Directions and Paths of Knowledge Flows through Personnel Mobility: A Social Capital
4.4 Data and methods
4.4.2 Measures Dependent variable
Our dependent variable, the knowledge flows between companies through personnel mobility, is operationalized as the number of people that over time left company A to move to company B. In order to account for the value of the intellectual capital that these employees are embedding, we weighed every flow with the higher education degree of the person moving. In order to do that, we codified all the spectrum of possible Indian education levels into 7 layers, and we weighed each personnel movement accordingly.
Independent variables
Our three main explanatory variables have been operationalized through three four-layered categorical variables. Each layer of the variable behaves as an independent variable within the model. In order to measure the effect of gain from competitor or loss to a competitor, which in our model is operationalized as two different layers of the same variable, Somaya et al. (2008) have opted for two different dummy variables. We believe that our choice of three multi-layered categorical variables carries the benefit to explain the likelihood of different scenarios along the three different dimensions, adding in clarity and quality of the analysis.
Foreign affiliation. In order to test the effect of foreign affiliation on the probability of a personnel movement to occur from company A to company B in a directed dyad, we made use of a four-layer categorical variable. A simple dummy variable indicating either homogeneity or heterogeneity between the source and the recipient firm would have missed out the direction of the flows, which is of utmost importance to clearly understand the distribution of personnel mobility.
Considering our data on companies’ ownership, we thus coded every company holding a foreign affiliation as a MNC and every company owned by an Indian private or an Indian group as a domestic firm. Building on this, the four types of possible dyads have been coded, shaping the four layers of our categorical variable: 1. flow from domestic firms (DOM) to domestic firms 2. from domestic firms to MNCs 3. flow from MNCs to domestic 4. flow from MNCs to MNCs.
Cluster affiliation. To test the effect of the co-location on personnel mobility we coded the companies with headquarters or branches in Bangalore as a cluster company, while every other company has been generically considered an Indian company. The case of people moving cross-border, i.e. from India to some other country, was sought for, in order to add further variance to our scenarios. Yet, no case emerged from empirical evidence.

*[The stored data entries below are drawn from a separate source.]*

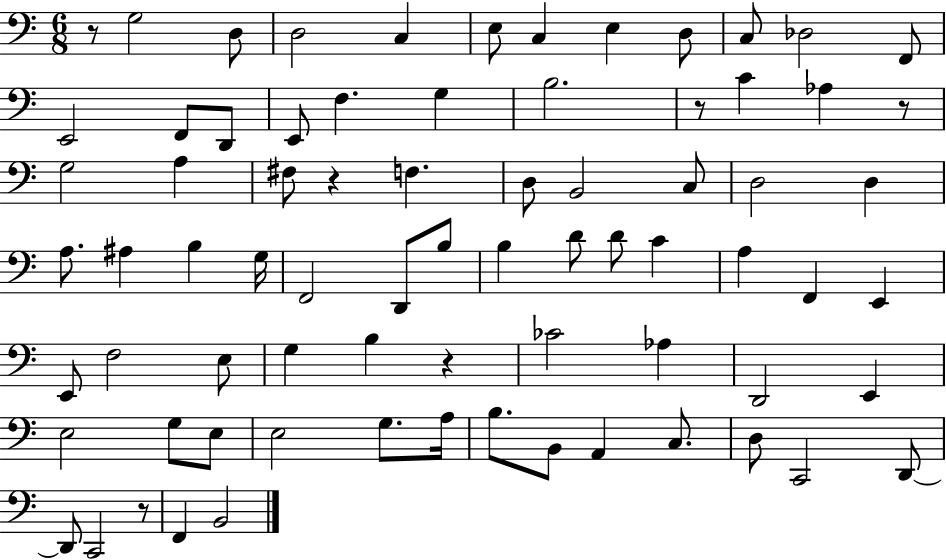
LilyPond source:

{
  \clef bass
  \numericTimeSignature
  \time 6/8
  \key c \major
  r8 g2 d8 | d2 c4 | e8 c4 e4 d8 | c8 des2 f,8 | \break e,2 f,8 d,8 | e,8 f4. g4 | b2. | r8 c'4 aes4 r8 | \break g2 a4 | fis8 r4 f4. | d8 b,2 c8 | d2 d4 | \break a8. ais4 b4 g16 | f,2 d,8 b8 | b4 d'8 d'8 c'4 | a4 f,4 e,4 | \break e,8 f2 e8 | g4 b4 r4 | ces'2 aes4 | d,2 e,4 | \break e2 g8 e8 | e2 g8. a16 | b8. b,8 a,4 c8. | d8 c,2 d,8~~ | \break d,8 c,2 r8 | f,4 b,2 | \bar "|."
}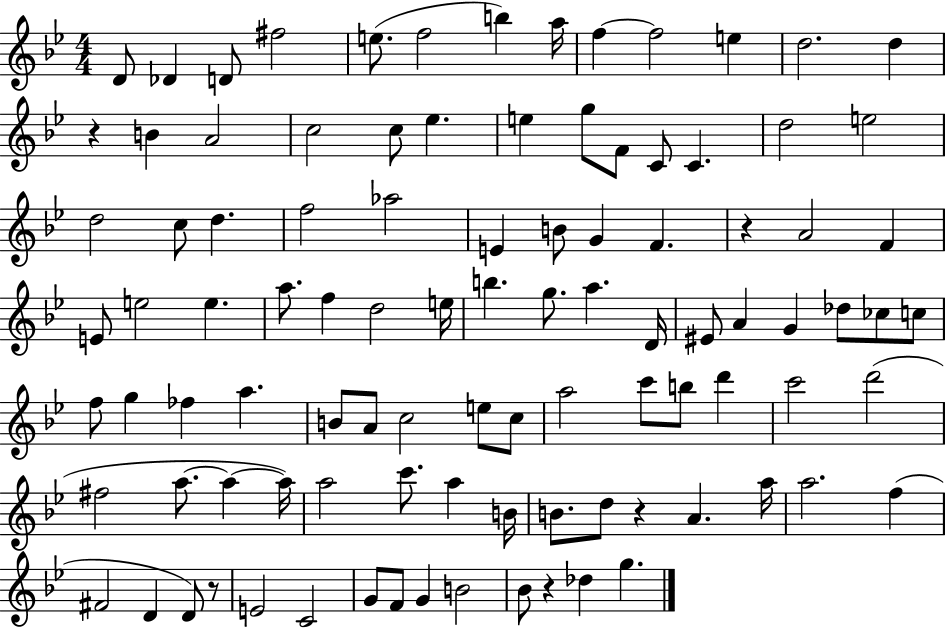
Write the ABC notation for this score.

X:1
T:Untitled
M:4/4
L:1/4
K:Bb
D/2 _D D/2 ^f2 e/2 f2 b a/4 f f2 e d2 d z B A2 c2 c/2 _e e g/2 F/2 C/2 C d2 e2 d2 c/2 d f2 _a2 E B/2 G F z A2 F E/2 e2 e a/2 f d2 e/4 b g/2 a D/4 ^E/2 A G _d/2 _c/2 c/2 f/2 g _f a B/2 A/2 c2 e/2 c/2 a2 c'/2 b/2 d' c'2 d'2 ^f2 a/2 a a/4 a2 c'/2 a B/4 B/2 d/2 z A a/4 a2 f ^F2 D D/2 z/2 E2 C2 G/2 F/2 G B2 _B/2 z _d g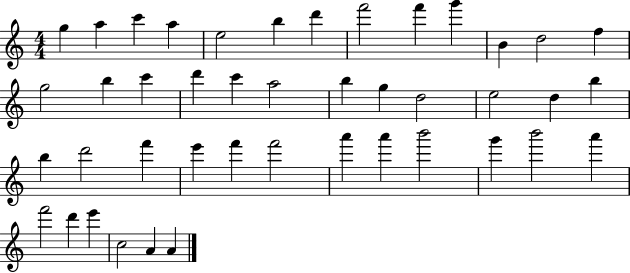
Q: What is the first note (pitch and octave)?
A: G5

Considering the directed dyad, we used a multilayer categorical variable to portray the 4 types of employees’ flows as emerging from our coding: 1. flows within the cluster (from Bangalore to Bangalore) 2. flows from the cluster to outside (from Bangalore to India) 3.
flows from outside to the cluster (from India to Bangalore) 4. flows from outside to outside (from India to India).

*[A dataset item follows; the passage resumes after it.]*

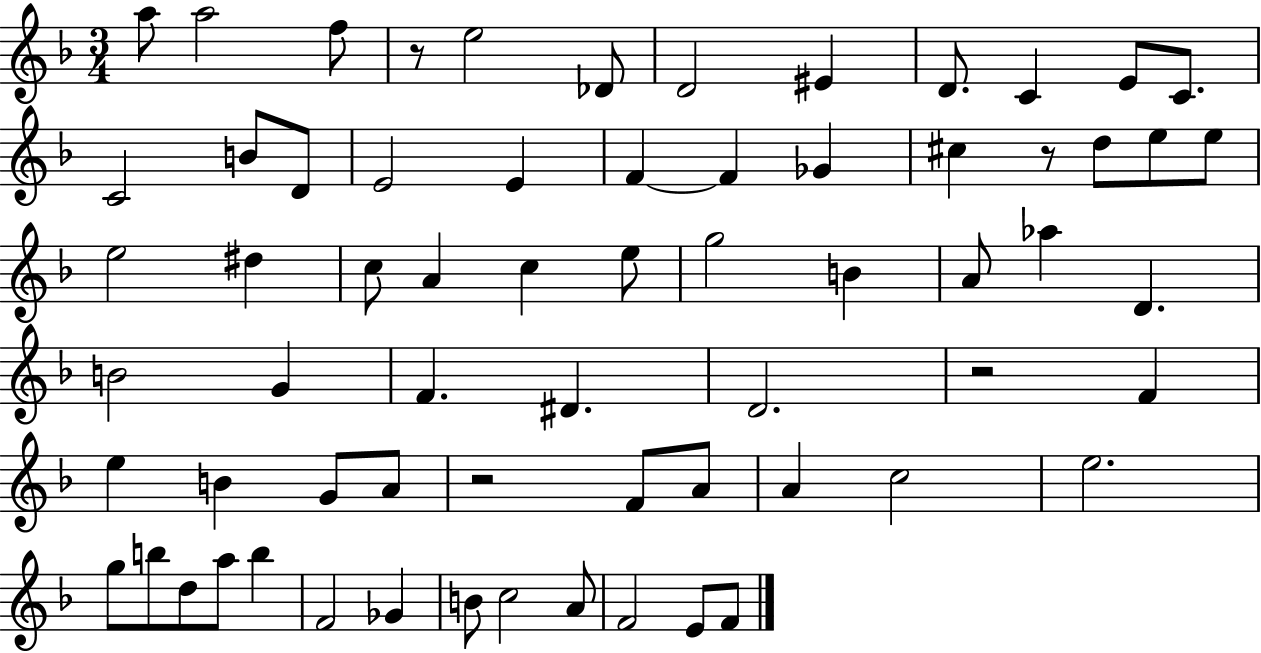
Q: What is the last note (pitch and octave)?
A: F4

Industry affiliation. Industry affiliation has been coded according to the companies’
economic activity. Our focal interest, like the Bangalore cluster for the geographical dimension, is the IT industry. Considering this as the reference point, companies have been coded as IT whether their economic activity is listed as computer software or ITES (Information Technology Enabled Services), else otherwise. Similarly to the procedure followed from the two previous variables, in order to portray the differences of industry affiliation in our directed dyads of companies, we used a multilayer categorical variable, distributed as follows: 1. flows within IT industry 2. flows from IT to other industry 3. flows from other industry to IT 3. flows from other industry to other industry.
Controls
We consider three main control variables that might be correlated to the probability of employees’ movements between two companies: age, size and financial performance, which translates into the differential of age, size and financial performance at dyad-level.

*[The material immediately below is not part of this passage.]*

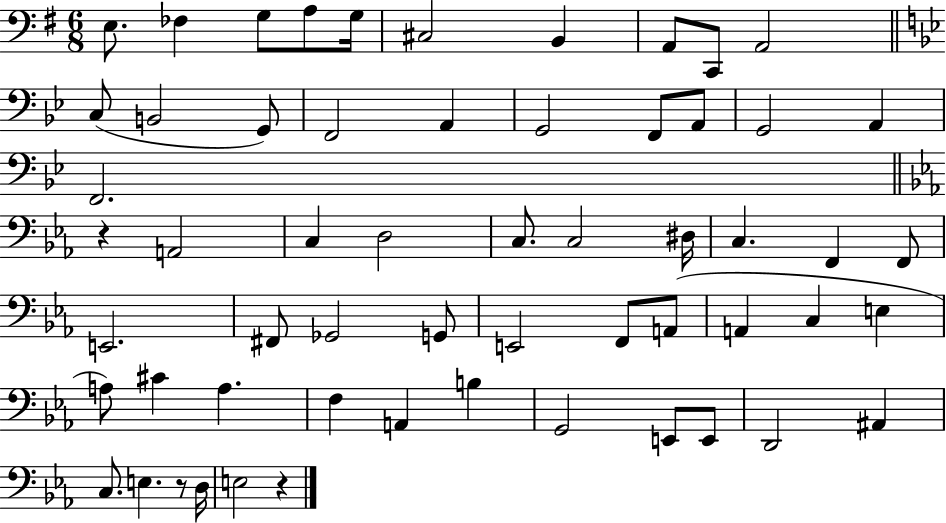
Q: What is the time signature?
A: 6/8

Age has been operationalized drawing on the year of incorporation for each firm: the differential has been computed for each dyad of companies. We believe that the age difference can be correlated to the likelihood of employees’ flows between firms for several reasons. A young firm is likely to be willing to attract new resources drawing on the knowledge of more experienced companies. Likely, older firms might be willing to encourage inflows of people previously employed in younger and dynamic companies, in order to renew and refresh the internal knowledge base. In both events, there are reasons to think that age differential might play a role in influencing the distribution of personnel mobility between companies.
Size has been measured through the total income of the company; the differential has been computed for each dyad. Size is likely to influence the probability of employees’
movement between two companies. A strong differential in size can intuitively lead to a strong attraction power of the larger company towards the employers of the smaller, because of reputation effects, sensible wage differentials and a stronger exposure to structured internal processes. On the other side, larger companies might be interested in attracting employees from smaller firms, because more keen on easily absorbing larger companies’ complex internal routines.
Likewise, profitability gap is intuitively conducive to a flow from less profitable to more profitable companies, because of the latter’s attraction power. Though, a steady policy will be enacted by the less profitable companies to attract employees from the more profitable ones, in order to enhance the internal management, skills and knowledge base, thus draining
some competitive advantage or best practices. Differential in profitability has been operationalized by computing the EBIDTA difference of the companies in the companies for each dyad on year 2007.